Your reply should consist solely of the lines from the one containing "Filet Mignon Best" through the end of the data, restated word for word.
MATERIAL FOR THIS EXERCISE START
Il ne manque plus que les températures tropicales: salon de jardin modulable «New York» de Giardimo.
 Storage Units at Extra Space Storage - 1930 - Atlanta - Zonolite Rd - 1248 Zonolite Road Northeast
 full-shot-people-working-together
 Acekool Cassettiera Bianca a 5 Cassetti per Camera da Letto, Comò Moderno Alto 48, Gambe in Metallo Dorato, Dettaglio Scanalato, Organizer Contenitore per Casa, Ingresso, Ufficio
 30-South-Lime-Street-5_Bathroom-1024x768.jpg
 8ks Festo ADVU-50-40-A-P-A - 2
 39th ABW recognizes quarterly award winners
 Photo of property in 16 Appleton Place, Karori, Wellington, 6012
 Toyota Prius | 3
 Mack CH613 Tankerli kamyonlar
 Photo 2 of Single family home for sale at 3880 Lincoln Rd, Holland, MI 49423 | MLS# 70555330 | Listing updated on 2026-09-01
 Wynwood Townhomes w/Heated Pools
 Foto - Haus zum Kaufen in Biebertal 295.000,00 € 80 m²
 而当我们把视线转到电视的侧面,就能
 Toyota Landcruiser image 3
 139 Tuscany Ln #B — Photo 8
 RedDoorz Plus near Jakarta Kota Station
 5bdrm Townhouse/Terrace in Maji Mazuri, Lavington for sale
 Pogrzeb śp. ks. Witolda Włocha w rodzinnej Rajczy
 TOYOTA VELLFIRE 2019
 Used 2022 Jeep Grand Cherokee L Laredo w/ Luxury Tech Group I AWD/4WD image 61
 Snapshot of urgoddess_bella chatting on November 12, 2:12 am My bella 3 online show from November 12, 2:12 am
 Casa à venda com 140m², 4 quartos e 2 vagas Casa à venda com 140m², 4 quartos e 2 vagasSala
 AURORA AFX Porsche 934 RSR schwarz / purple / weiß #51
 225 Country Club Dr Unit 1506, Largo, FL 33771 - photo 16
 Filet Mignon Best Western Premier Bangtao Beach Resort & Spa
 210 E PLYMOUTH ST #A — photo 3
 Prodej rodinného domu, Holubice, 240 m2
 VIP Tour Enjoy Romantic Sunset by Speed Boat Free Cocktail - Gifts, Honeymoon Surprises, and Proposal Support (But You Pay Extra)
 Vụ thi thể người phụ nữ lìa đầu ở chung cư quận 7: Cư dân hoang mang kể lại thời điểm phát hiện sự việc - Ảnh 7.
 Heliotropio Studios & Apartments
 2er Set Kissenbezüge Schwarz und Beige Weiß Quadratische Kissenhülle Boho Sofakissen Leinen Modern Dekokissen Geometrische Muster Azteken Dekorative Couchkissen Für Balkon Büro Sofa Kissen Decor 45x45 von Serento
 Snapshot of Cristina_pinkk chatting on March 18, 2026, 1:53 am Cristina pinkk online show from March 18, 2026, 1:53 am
MATERIAL FOR THIS EXERCISE END
* OUTPUT *
 Filet Mignon Best Western Premier Bangtao Beach Resort & Spa
 210 E PLYMOUTH ST #A — photo 3
 Prodej rodinného domu, Holubice, 240 m2
 VIP Tour Enjoy Romantic Sunset by Speed Boat Free Cocktail - Gifts, Honeymoon Surprises, and Proposal Support (But You Pay Extra)
 Vụ thi thể người phụ nữ lìa đầu ở chung cư quận 7: Cư dân hoang mang kể lại thời điểm phát hiện sự việc - Ảnh 7.
 Heliotropio Studios & Apartments
 2er Set Kissenbezüge Schwarz und Beige Weiß Quadratische Kissenhülle Boho Sofakissen Leinen Modern Dekokissen Geometrische Muster Azteken Dekorative Couchkissen Für Balkon Büro Sofa Kissen Decor 45x45 von Serento
 Snapshot of Cristina_pinkk chatting on March 18, 2026, 1:53 am Cristina pinkk online show from March 18, 2026, 1:53 am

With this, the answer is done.